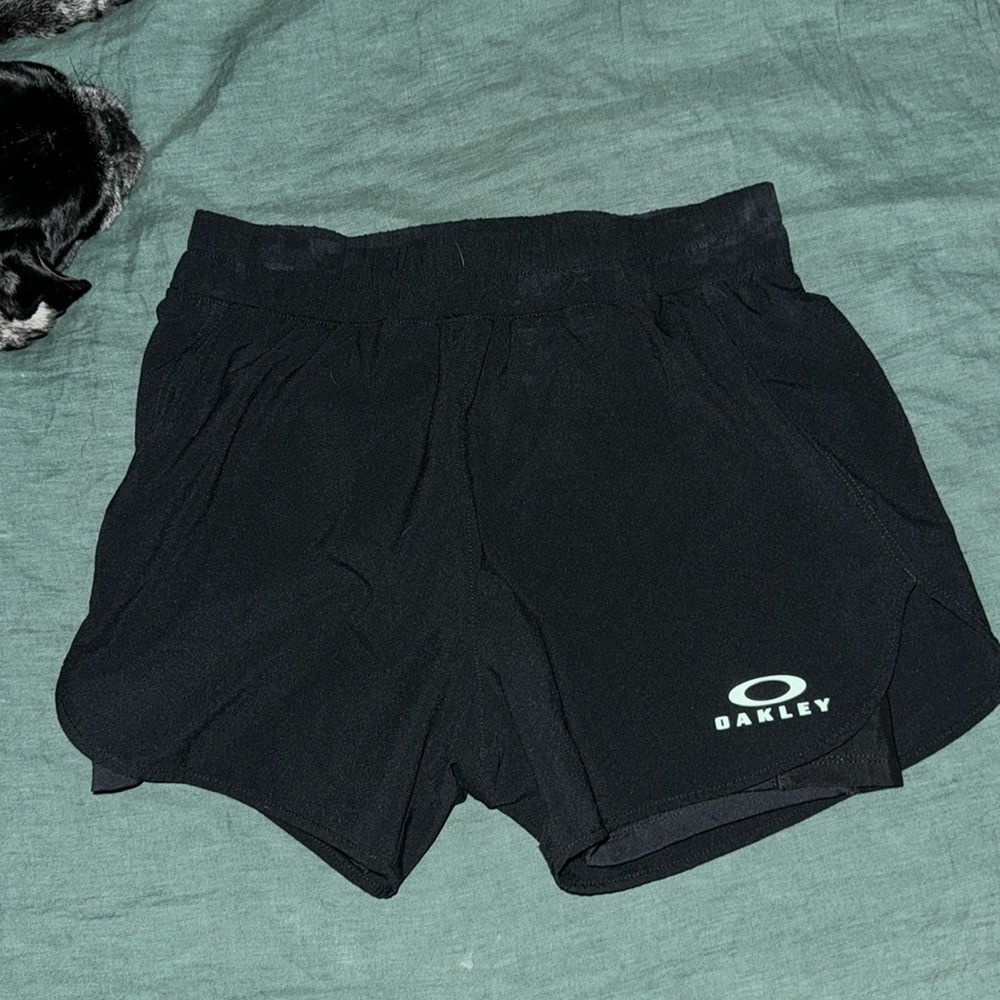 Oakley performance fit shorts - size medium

* * *

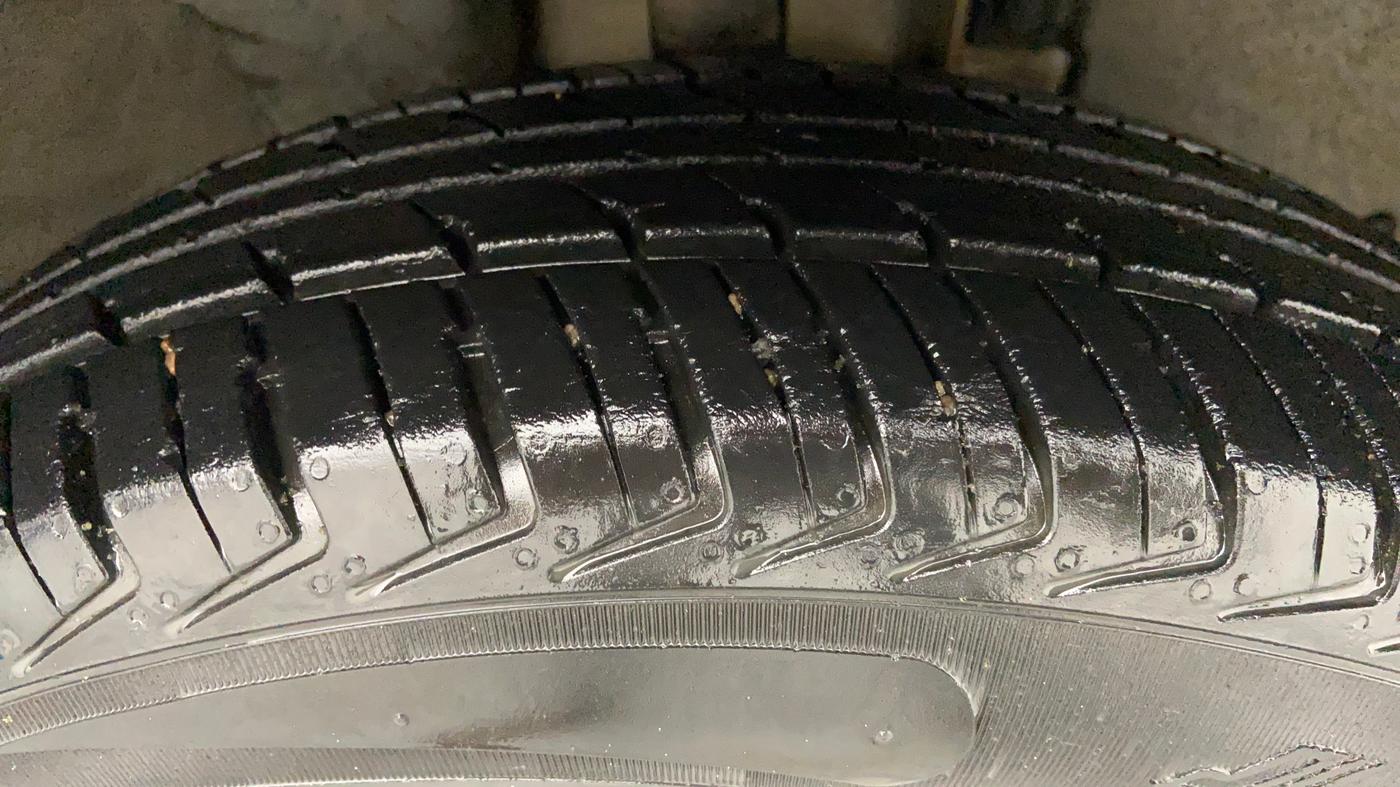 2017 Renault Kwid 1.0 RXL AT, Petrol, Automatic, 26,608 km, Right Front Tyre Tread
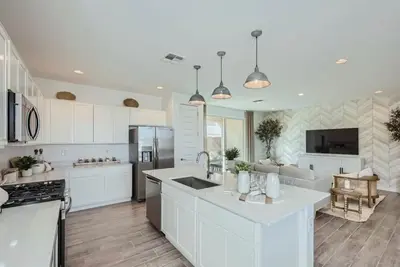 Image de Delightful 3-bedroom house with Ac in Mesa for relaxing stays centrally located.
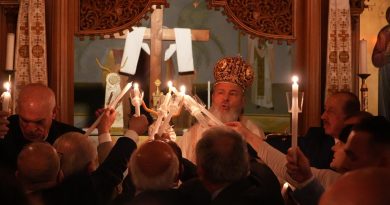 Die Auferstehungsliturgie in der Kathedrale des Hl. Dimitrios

THE TASK:
Leaving out each picture, repeat exactly the lines above from the one that contains "Image de Delightful" through the one that contains "Die Auferstehungsliturgie in".

RESULT OF THE EXERCISE:
 Image de Delightful 3-bedroom house with Ac in Mesa for relaxing stays centrally located.
 Die Auferstehungsliturgie in der Kathedrale des Hl. Dimitrios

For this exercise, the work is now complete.